Tentang riwayat-riwayat yang disampaikan al-asy’ari, pada riwayat pertama terdapat abu nu’aim dan sulaiman bin ‘isa al-qori atau sulaim bin ‘isa al-muqri’, pada riwayat kedua terdapat sufyan bin waki’, kesemuanya lemah, sedang riwayat ketiga dan keempat sanadnya terputus dan yang lebih shohih adalah yang diriwayatkan oleh adz-dzahabi dalam kitab al-‘uluww:
عن علي بن الحسن الكراعي، قال: قال لي أبو يوسف: ناظرت أبا حنيفة ستة أشهر، فاتفق رأينا على أن من قال: القرآن مخلوق، فهو كافر.
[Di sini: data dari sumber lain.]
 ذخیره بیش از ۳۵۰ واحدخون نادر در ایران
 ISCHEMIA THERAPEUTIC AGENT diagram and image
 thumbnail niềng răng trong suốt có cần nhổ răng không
juga oleh al-baihaqi dalam al-i’tiqod dan al-asma’:
عن محمد بن سابق، قال: سألت أبا يوسف، فقلت: أكان أبو حنيفة يقول القرآن مخلوق؟ قال: معاذ الله، ولا أنا أقوله، فقلت: أكان يرى رأي جهم؟ فقال: معاذ الله ولا أنا أقوله.
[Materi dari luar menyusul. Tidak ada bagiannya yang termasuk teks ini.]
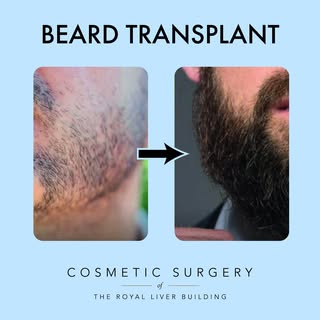 Struggling with uneven facial hair or areas that simply won’t grow? 🧔

A beard transplant offers a 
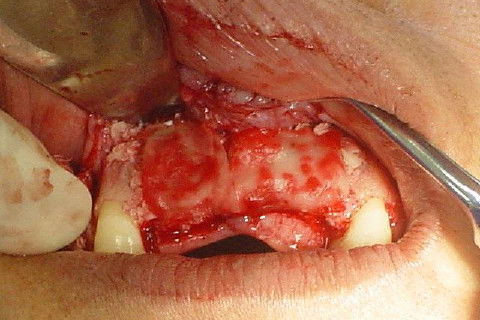 leito receptor com membrana embebida no soro fisiológico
Dari kesemua riwayat diatas tidak ada yang menunjukkan bahwa abu hanifah pernah berpandangan al-quran adalah makhluq dan ini semua tiada lain hanya timbul dari akibat dakwahan alkautsari semata yang dimana beliau terlalu fanatik kepada abu hanifah.
Demikian yang dapat kami sampaikan, diatas setiap perbedaan yang ada, kami berdo’a semoga Alloh membalas setiap niat baik yang telah diusahakan oleh para ‘ulama kita dan dima’afkan atas setiap kealpaan. Setiap perbedaan ada rohmatnya, kita berdoa semoga Alloh berikan hidayah kepada kita kepada jalanNya yang lurus dan Dia kuatkan kaki kita diatas jalanNya tersebut, Aamiin.